Ottawa, Ontario, March 4, 2020

PRESENT:  The Honourable Mr. Justice Pamel

BETWEEN:

TING CAO

NING LI

Applicants

and

THE MINISTER OF CITIZENSHIP AND IMMIGRATION

Respondent

JUDGMENT AND REASONS

I.  Nature of the Matter

[1]  This case concerns the manner in which the Refugee Appeal Division of the Immigration and Refugee Board [RAD] relied on the Immigration Refugee Board Chairperson’s China Jurisprudential Guide TB6-11632 (November 30, 2016) [the Jurisprudential Guide].

[2]  This is an application for judicial review of a decision of the RAD dated December 13, 2018, which confirmed the decision of the Refugee Protection Division [RPD] that the Applicants are neither Convention refugees nor persons in need of protection pursuant to section 96 and subsection 97(1) of the Immigration and Refugee Protection Act, SC 2001, c 27 [IRPA].

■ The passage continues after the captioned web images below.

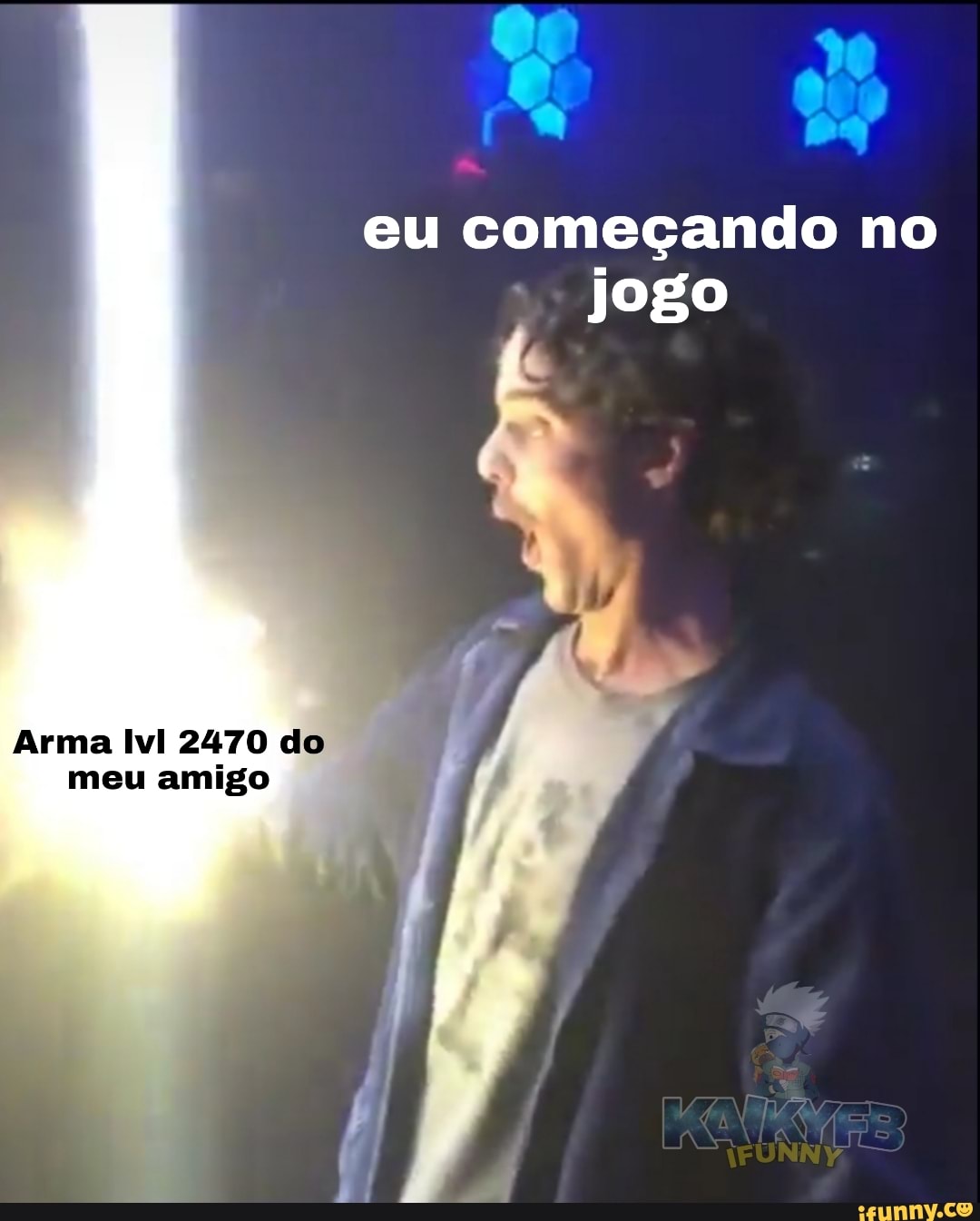eu começando no jogo
Arma lvl 2470 do meu amigo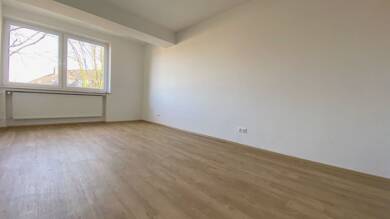Wohnung zur Miete 595 € 3 Zimmer 66,1 m² 2. Geschoss frei ab 16.06.2025 Flurstr. 30 Borbeck-Mitte Essen 45355
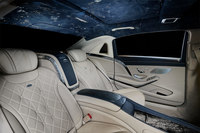 西陣織や、引箔（ひきはく）、漆、螺鈿（らでん）などの装飾が用いられた「メルセデス・マイバッハSクラス」。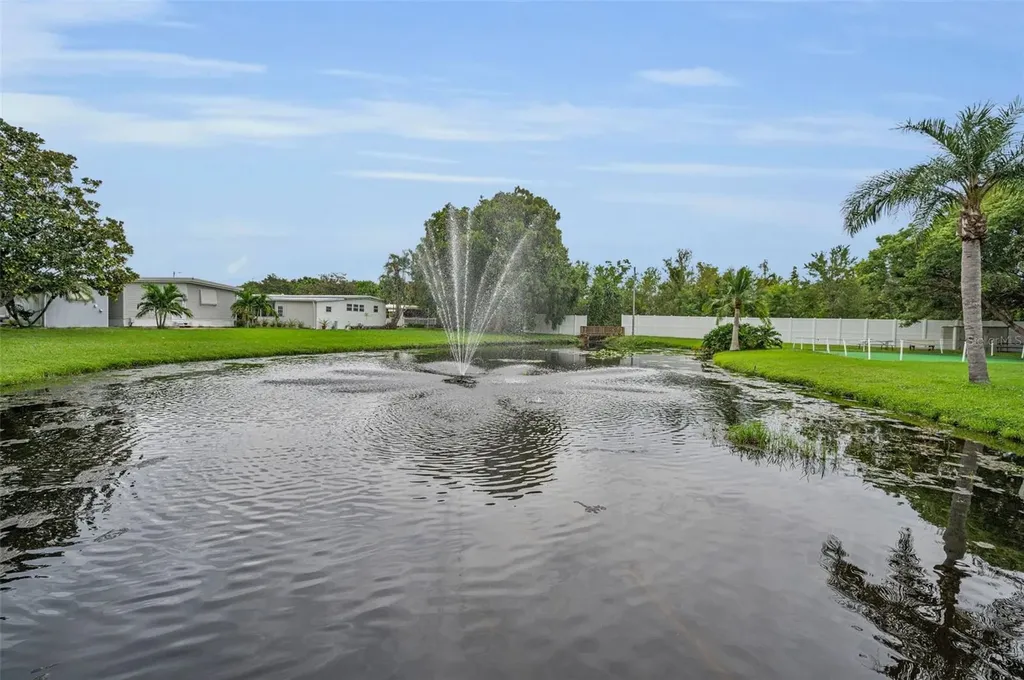 10539 Tahitian Lane Largo FL 33773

[3]  The RAD concluded that the Applicants are not genuine adherents of The Church of Almighty God (sometimes referred to as Eastern Lightning), a Christian religious movement established in China. Based on this determination, the RAD found that there was no serious possibility that they would be persecuted should they return to China. Further, the RAD found that the Applicants would not, on a balance of probabilities, be subjected personally to a risk to life, risk of cruel and unusual treatment, or a danger of torture, if they returned to China.

[4]  For the reasons that follow, I would allow the application for judicial review.

II.  Background

[5]  The Principal Applicant, Ting Cao, and her husband, Ning Li [collectively, the Applicants], are citizens of China. The Applicants claim to fear persecution in China based on their religious adherence to The Church of Almighty God. The Chinese government has banned this religion.

[6]  According to the Principal Applicant, she was introduced to The Church of Almighty God religion in July 2015 by a friend of hers. She had been struggling with depression after failing to bear children and being accordingly taunted by her mother-in-law. The Principal Applicant claims that she knew that the government had banned the religion but found the practice beneficial to her life.

[7]  On February 21, 2016, while she was at a prayer group at an illegal house church, the Chinese Public Security Bureau [PSB] raided the premises; the Principal Applicant went into hiding.

[8]  The PSB discovered her name and that she was someone who had attended the house church and went to the Principal Applicant’s house in search of her. They confiscated pictures of her, interrogated her husband, and warned her husband that two members of the church had been arrested and had identified the Principal Applicant as having attended the prayer group.

[9]  The PSB returned to the house with a summons on February 25, 2016. They did not find the Principal Applicant.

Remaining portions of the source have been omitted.